■ **EXERCISE GOAL**
From the line containing "Tractor Supply Co." to the line containing "Зима в степи" in the entries below, reproduce every line exactly, ends included. Nothing else belongs in the copy, and no pictures.

■ **DATA PROVIDED**
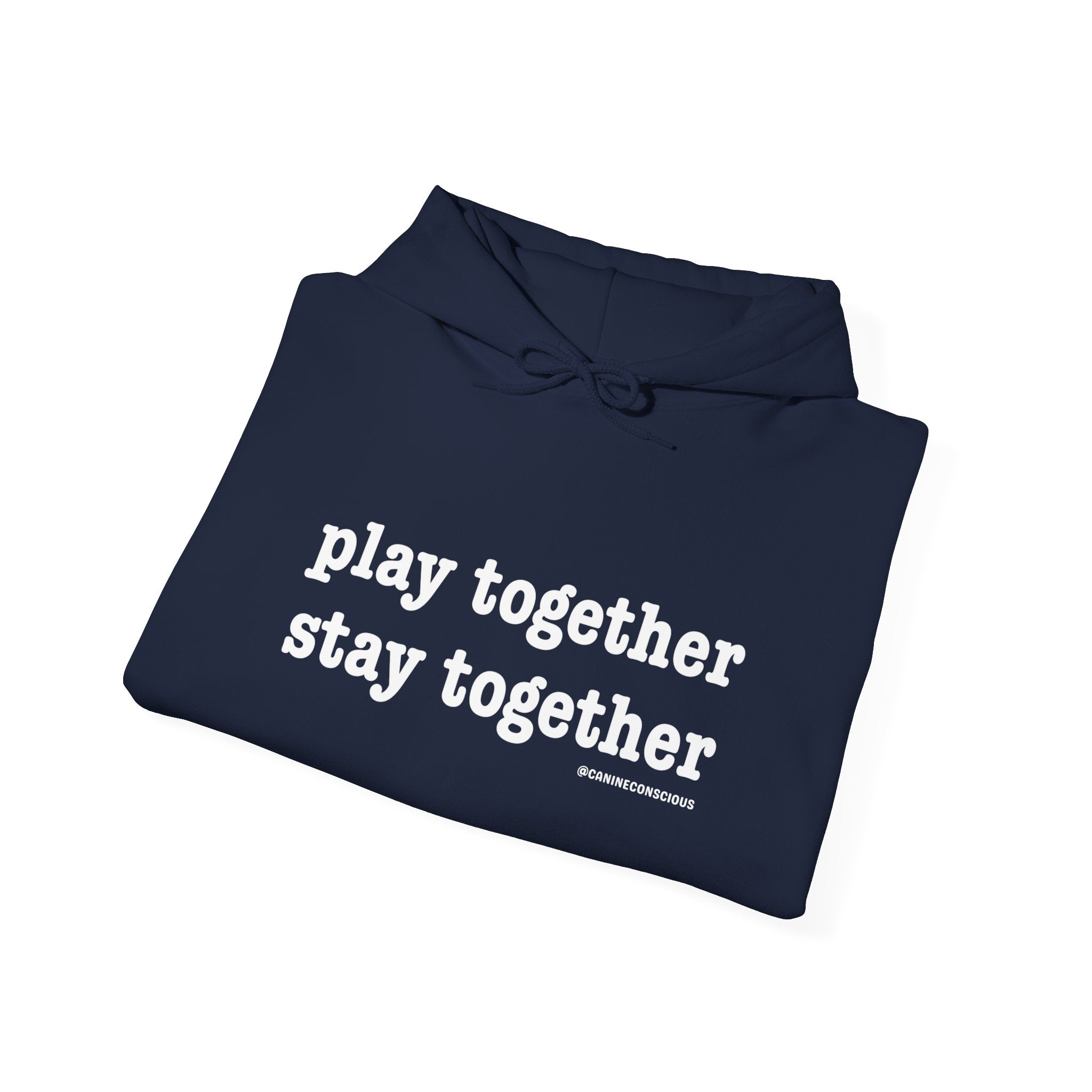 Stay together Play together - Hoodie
==
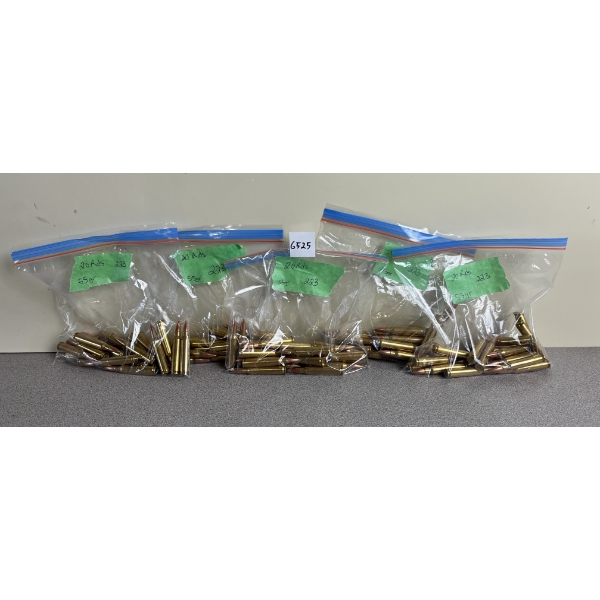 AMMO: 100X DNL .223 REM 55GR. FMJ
...
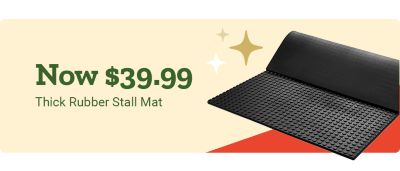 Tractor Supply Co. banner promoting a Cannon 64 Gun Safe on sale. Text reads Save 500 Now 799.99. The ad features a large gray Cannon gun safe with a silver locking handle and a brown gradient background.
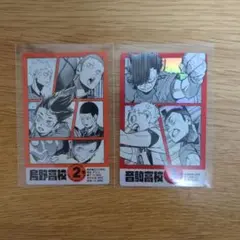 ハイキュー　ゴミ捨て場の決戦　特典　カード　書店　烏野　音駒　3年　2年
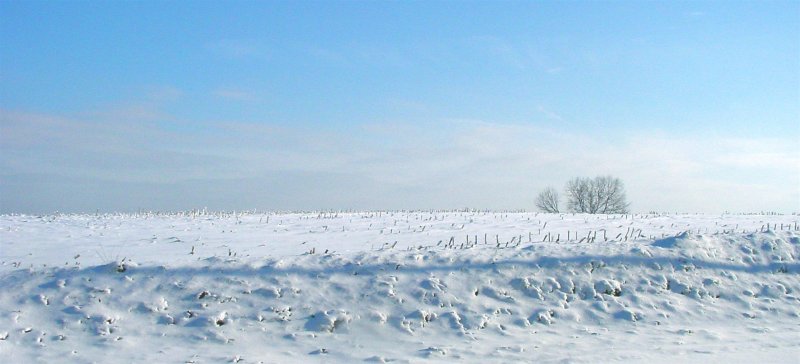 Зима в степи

■ **THE COMPLETED TASK**
 Tractor Supply Co. banner promoting a Cannon 64 Gun Safe on sale. Text reads Save 500 Now 799.99. The ad features a large gray Cannon gun safe with a silver locking handle and a brown gradient background.
 ハイキュー　ゴミ捨て場の決戦　特典　カード　書店　烏野　音駒　3年　2年
 Зима в степи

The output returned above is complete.